The old man’s room represents the unconsciousness because its face is imagined as something dark and unfamiliar to humans: “His room was as black as pitch with thick darkness”. The narrator says in the story that he or she knew that the old man was scared, it is not possible for him or her to know the feeling of the old man unless it was him or her: “It was not a groan of pain, or grief – oh, no! – it was the low, stifled sound that arise from the bottom of the soul when overcharged with awe. I knew the sound well”.
He or she enters the room and opened the lantern, the ray was on the old man’s eye only. He or she can clearly see the eye now. So the old man’s room is the unconsciousness and there should be a wall between the unconsciousness and the consciousness, when he or she enters the room the wall is broken, he or she saw his or her other self clearly. The narrator says that he or she can hear the old man’s heart beat clearly, which is impossible, it was his own heart beating: “Meantime the hellish tattoo of the heart increased. It grew quicker, and louder and louder every instant”.
Then the narrator describes the murder where he or she says that he yelled and the old man shrieked once only: “He shrieked once – once only”. Then he or she drags his body. The police came later on, they say to him/her that a neighbor heard a shriek: “A shrike had been heard by a neighbor during the night”. This means that it was the narrator’s shriek because it was heard only once. If it was both the old man and the narrator’s it wouldn’t be just one shriek which proves again it’s only the narrator. He/she is with the officers when he/she starts to imagine hearing voices coming from under the bed where he buried the old man.
If there is a voice the officers would’ve heard it too but they did not hear it, this means that it is all in the narrator’s head. He/she is uncomfortable and starts swinging the chairs. He/she say that his/her nervousness was very obvious but the officers did not notice it which is impossible and this means that the officers are just a creation of his imagination. The whole thing was just in the narrator head and none of it is true. The narrator is suffering from schizophrenia which is proved in the context of the story.
Schizophrenia is a humorous brain disorder characterized by delusional thinking and unique but unpopular perceptions. The old man’s eye is the mirror of the narrator and he/she did not like his/her other self. He/she decides to end his fear by getting rid of the old man’s eye and to get rid of the eye he/she has to enter the world of unconsciousness. Personally I really HATED this story but if you really analyze it its not so bad but definitely is no my kind of story… It is funny and also interesting that from such a horrible story you can learn a lot of things.

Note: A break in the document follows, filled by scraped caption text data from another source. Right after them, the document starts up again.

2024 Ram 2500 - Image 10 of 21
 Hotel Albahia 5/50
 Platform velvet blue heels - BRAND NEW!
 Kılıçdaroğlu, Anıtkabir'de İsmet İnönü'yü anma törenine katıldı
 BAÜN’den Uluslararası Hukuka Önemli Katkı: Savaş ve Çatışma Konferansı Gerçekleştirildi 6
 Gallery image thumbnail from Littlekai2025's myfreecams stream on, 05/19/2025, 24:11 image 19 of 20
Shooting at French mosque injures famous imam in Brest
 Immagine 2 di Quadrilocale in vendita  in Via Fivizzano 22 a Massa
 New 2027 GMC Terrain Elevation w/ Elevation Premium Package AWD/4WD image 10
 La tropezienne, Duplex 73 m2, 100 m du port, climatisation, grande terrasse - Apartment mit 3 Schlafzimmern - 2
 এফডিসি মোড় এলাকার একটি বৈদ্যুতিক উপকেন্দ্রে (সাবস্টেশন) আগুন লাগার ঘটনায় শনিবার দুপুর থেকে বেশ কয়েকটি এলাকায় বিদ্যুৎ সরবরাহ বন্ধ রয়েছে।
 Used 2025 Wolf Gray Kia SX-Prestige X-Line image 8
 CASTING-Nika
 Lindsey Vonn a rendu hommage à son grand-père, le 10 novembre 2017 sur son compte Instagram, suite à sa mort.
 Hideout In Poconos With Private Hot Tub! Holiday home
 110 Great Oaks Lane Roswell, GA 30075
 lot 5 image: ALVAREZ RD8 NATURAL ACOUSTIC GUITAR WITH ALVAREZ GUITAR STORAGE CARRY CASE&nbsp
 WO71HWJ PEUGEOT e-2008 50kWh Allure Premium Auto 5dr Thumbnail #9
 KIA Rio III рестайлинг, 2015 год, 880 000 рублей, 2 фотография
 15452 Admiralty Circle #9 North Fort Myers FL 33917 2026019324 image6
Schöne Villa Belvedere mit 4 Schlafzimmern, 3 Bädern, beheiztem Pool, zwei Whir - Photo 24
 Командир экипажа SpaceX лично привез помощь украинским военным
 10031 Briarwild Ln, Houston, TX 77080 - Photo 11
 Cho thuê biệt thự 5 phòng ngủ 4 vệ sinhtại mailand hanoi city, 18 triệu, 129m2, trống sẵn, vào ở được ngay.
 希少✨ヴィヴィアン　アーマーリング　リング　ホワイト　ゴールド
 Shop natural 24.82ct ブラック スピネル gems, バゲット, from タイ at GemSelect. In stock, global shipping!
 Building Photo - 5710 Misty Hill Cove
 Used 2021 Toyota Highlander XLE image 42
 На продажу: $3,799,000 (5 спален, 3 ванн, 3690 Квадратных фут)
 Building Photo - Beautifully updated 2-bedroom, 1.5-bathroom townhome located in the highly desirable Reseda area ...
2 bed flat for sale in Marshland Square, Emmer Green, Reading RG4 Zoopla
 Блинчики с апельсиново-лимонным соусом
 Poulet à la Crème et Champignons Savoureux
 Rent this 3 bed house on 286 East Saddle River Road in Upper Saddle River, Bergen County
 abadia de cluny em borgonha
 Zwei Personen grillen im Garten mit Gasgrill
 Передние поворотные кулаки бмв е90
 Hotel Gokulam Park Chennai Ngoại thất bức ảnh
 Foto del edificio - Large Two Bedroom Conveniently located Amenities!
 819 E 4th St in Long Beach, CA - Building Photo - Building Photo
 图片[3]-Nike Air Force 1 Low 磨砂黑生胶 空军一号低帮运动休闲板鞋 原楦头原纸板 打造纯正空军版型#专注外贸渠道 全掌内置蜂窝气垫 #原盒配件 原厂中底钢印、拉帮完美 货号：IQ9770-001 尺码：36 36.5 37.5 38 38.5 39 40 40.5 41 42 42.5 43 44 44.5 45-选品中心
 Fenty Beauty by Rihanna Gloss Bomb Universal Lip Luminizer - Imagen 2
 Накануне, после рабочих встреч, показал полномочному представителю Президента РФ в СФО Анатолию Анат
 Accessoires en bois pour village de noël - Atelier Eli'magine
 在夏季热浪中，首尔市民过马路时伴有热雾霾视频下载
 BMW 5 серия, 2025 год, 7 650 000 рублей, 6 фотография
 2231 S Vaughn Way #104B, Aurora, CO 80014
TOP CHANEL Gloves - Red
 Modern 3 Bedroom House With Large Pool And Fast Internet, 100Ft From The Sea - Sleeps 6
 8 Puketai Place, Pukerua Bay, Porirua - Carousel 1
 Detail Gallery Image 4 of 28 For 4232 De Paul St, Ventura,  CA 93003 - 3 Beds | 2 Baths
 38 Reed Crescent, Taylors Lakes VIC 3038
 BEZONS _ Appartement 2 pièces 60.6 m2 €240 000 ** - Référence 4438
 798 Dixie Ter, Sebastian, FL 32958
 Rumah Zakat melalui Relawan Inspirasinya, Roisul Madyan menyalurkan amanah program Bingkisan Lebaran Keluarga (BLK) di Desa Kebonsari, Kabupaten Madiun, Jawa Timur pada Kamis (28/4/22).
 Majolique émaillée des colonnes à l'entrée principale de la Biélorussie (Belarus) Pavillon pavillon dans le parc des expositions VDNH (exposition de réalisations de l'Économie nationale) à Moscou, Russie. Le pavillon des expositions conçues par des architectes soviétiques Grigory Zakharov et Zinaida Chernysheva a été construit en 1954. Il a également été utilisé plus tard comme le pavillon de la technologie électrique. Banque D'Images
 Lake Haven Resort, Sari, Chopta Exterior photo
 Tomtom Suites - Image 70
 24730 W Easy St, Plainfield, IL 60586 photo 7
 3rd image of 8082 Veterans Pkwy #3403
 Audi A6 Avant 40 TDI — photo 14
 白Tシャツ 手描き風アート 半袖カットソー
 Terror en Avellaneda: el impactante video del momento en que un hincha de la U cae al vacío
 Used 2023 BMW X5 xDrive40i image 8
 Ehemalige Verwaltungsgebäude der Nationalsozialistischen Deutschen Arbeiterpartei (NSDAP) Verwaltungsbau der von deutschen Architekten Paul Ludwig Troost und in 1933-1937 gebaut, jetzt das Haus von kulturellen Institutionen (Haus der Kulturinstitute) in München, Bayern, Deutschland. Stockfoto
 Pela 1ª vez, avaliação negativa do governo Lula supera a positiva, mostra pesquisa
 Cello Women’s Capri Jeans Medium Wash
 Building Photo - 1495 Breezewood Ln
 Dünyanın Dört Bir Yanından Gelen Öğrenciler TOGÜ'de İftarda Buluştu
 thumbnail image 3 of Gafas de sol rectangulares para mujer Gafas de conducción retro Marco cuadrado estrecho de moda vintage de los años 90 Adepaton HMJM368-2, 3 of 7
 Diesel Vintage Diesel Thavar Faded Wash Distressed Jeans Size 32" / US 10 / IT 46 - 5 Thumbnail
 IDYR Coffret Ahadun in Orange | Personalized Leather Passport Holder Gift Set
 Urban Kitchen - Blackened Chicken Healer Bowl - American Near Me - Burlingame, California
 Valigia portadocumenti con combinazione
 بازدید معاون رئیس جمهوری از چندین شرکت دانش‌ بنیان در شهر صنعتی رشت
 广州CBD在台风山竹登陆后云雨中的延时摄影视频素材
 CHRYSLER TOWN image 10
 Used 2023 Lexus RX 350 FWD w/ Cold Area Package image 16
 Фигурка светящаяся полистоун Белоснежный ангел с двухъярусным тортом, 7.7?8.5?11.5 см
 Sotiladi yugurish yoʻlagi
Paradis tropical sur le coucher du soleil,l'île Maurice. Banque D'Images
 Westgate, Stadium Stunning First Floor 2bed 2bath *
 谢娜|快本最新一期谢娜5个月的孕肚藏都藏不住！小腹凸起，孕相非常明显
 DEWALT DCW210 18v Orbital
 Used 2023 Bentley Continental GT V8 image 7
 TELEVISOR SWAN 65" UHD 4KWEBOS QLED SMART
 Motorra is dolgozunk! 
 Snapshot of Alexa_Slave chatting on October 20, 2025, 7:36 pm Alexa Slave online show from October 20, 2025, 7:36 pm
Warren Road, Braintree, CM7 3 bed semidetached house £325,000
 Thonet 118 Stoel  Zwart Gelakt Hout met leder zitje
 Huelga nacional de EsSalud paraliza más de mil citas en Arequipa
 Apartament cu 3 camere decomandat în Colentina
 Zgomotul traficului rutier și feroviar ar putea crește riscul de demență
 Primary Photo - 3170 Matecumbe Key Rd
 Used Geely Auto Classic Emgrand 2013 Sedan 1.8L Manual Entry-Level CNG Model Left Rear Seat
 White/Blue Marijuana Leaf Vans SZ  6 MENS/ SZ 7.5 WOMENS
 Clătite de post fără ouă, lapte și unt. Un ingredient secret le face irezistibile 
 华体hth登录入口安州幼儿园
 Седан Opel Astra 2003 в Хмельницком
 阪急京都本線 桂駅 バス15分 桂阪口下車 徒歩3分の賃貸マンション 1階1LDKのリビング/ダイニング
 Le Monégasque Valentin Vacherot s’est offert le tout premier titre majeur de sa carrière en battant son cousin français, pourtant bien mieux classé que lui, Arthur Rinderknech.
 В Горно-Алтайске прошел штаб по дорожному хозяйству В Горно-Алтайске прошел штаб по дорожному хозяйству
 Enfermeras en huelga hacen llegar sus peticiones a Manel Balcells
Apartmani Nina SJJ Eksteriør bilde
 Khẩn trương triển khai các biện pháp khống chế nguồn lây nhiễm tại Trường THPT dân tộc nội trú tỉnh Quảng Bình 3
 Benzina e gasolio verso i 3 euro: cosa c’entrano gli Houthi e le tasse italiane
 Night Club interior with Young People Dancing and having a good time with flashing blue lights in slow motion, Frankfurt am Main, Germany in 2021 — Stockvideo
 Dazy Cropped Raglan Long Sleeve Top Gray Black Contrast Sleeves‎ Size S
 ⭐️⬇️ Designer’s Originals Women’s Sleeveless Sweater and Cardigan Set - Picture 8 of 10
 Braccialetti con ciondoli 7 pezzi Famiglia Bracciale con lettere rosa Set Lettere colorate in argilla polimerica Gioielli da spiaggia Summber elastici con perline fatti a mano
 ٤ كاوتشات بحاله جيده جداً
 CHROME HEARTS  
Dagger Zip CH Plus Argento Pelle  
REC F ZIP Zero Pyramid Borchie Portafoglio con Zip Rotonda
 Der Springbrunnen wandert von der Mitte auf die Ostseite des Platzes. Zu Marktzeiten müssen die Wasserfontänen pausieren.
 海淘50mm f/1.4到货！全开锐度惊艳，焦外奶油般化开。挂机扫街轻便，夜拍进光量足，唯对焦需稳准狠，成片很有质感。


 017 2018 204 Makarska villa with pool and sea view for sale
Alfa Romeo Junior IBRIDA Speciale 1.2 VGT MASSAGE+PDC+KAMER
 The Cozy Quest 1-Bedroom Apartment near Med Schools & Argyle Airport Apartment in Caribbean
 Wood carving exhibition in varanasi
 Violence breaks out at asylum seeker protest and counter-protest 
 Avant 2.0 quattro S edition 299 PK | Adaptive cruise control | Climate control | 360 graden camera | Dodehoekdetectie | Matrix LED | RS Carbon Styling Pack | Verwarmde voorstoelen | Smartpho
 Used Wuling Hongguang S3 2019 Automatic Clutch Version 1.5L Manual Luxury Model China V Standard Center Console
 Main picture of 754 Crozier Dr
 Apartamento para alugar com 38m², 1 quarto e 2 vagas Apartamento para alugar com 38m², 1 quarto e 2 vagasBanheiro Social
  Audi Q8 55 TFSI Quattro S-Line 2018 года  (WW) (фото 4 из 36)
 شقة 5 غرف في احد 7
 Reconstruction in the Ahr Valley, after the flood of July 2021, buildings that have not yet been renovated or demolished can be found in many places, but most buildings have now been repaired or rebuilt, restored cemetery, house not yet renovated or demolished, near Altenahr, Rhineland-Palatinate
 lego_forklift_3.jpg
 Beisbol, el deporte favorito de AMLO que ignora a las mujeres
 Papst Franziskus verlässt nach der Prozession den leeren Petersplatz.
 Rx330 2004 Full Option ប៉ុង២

And what I did like was how Poe made us understand all these “ironies and metaphors” and as the story continues we realized each of the mysteries of history and we started seeing what the author wanted us to understand. I think what made Poe choose this type of literature (dark, mysterious and macabre) was because he was very miserable because his parents died when he was young and was adopted by the Allan family and then he got married and his wife died.
When he died nobody knew from what he died but they say is was because of alcohol, brain congestion, cholera, drugs, heart disease, rabies, suicide, tuberculosis, and other agents…Poor guy?. But after all he’s been through he ended up by being a very very successful man. Poe and his works influenced literature in the United States and around the world, as well as in specialized fields, such as cosmology and cryptography. Poe and his work appear throughout popular culture in literature, music, films, and television. A number of his homes are dedicated museums today.